A lot of what I do is intriguing.  If it wasn’t then it would be pretty hard to get anyone to come to my shows.

At a certain level I have begun to realize that my perception of intriguing has become skewed due to doing things for a long while.  When I was studying at Circus Warehouse I loved to see the faces of newcomers as they marveled at what was inside this riverside warehouse.  Watching non-circus people was especially fun since they hadn’t seen things like aerial rope or static trapeze rigged, jsut in a different place.

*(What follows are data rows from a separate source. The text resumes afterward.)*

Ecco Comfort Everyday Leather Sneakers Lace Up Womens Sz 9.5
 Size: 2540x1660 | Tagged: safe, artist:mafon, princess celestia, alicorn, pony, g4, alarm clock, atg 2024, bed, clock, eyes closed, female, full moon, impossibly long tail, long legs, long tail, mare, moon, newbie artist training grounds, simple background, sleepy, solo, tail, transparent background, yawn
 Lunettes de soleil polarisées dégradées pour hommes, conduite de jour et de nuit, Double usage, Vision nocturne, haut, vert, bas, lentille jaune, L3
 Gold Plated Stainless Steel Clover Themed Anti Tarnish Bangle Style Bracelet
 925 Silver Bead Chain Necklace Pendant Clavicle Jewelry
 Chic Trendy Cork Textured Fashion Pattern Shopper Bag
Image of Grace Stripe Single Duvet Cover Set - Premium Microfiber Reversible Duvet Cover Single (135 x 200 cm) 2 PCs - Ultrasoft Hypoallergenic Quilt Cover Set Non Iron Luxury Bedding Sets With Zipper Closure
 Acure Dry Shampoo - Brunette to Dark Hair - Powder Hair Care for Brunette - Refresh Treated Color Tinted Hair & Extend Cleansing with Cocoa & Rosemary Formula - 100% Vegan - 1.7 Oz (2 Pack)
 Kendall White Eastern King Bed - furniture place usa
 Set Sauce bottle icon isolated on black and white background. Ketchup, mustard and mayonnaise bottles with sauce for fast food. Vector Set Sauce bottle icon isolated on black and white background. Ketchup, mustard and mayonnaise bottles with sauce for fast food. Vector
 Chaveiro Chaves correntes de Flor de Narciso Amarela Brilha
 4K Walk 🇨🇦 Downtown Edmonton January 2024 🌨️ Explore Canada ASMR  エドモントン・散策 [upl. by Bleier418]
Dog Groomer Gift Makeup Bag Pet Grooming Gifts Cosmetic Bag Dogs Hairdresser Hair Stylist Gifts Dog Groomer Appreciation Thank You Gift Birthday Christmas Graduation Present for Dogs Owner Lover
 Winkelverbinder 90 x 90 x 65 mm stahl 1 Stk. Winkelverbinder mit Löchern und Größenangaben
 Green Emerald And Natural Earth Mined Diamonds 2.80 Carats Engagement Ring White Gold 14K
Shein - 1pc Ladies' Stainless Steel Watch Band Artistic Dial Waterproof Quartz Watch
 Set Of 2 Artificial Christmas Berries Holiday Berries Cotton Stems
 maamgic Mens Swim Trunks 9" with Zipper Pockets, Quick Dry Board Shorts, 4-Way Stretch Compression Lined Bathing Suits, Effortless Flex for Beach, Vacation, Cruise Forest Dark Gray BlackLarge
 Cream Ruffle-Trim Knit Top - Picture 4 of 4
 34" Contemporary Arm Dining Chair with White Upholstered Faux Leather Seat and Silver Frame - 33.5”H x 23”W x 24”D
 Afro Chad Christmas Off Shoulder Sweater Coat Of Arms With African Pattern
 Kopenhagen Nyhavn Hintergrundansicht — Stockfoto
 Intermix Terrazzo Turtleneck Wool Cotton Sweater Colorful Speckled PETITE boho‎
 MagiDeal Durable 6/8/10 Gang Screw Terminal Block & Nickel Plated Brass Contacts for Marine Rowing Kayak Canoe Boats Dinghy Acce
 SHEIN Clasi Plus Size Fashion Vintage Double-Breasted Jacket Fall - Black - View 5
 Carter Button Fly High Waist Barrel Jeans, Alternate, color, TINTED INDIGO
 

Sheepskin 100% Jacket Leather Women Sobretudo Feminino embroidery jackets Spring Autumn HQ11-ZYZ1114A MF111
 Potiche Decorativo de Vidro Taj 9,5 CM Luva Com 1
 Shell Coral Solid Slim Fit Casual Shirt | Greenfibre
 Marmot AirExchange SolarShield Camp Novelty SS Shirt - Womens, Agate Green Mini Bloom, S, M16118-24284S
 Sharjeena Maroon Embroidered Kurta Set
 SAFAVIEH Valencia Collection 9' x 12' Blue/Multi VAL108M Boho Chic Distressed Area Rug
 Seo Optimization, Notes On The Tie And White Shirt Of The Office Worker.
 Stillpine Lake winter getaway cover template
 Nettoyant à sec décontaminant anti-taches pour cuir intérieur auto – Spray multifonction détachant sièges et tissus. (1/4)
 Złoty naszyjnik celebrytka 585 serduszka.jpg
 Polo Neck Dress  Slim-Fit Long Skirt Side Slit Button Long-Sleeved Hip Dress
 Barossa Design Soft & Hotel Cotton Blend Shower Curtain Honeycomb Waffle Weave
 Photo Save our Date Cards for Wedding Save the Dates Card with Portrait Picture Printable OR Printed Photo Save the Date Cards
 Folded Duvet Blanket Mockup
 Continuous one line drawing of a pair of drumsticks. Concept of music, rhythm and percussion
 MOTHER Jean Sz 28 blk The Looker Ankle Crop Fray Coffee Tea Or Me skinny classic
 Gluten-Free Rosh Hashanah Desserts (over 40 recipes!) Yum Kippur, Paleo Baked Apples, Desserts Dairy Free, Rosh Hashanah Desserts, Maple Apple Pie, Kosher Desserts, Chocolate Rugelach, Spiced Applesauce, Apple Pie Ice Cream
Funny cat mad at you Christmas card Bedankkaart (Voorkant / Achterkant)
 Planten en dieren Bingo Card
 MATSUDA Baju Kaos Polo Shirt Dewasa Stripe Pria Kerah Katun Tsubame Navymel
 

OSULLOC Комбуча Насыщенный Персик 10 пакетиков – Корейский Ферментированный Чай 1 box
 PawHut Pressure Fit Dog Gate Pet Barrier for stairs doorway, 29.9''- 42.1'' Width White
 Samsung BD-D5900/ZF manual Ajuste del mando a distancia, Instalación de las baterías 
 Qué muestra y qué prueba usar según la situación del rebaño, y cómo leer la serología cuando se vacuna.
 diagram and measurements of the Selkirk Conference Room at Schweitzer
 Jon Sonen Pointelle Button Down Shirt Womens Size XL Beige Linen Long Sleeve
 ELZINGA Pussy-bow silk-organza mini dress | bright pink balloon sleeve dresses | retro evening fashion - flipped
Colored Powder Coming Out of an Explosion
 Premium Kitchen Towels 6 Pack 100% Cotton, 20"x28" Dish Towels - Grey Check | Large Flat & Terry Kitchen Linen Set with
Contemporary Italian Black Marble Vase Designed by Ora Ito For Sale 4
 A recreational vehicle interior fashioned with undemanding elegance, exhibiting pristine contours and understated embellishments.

I’ve had a lot of people ask to watch me practice.  Generally I inform them that it is going to look nothing like what I put on stage and instead they will be subjected to watching me do the same trick over and over again for an hour or two on end.  If I’m working on a new trick this will largely consist of me dropping and or running after my prop.  I get how this could be interesting for awhile, but there’s good reason why performance and practice (except when running through an act) look entirely different.

Today I was confronted with a new kind of intrigue.  I am currently acting in a production of Peer Gynt and got talking to one of the other actors today after we had finished rehearsing.  At some point we got on to the subject of A Dream Play, which we had both worked on this past fall.  I had remembered him acting in it and was explaining my role as a technician.  I spent a good deal of time helping to build the set, but also ended up as a rigger during the actual show.  As a rigger it was my job to move a twenty-foot steel flower up and down by pressing a button attached to a chain motor.  I was explaining to him that I had had an incredibly boring job (I had all of six cues throughout the play) and was met with a surprising reaction.  He told me how cool that was and how he had had no idea how that aspect of the play had functioned up until me telling him my story.  I had expected him, a fellow artist, to join me in commiseration for sitting on a catwalk for hours on end occasionally pushing two buttons.  Instead though I was met with appreciation and intrigue.

The world is a strange place indeed.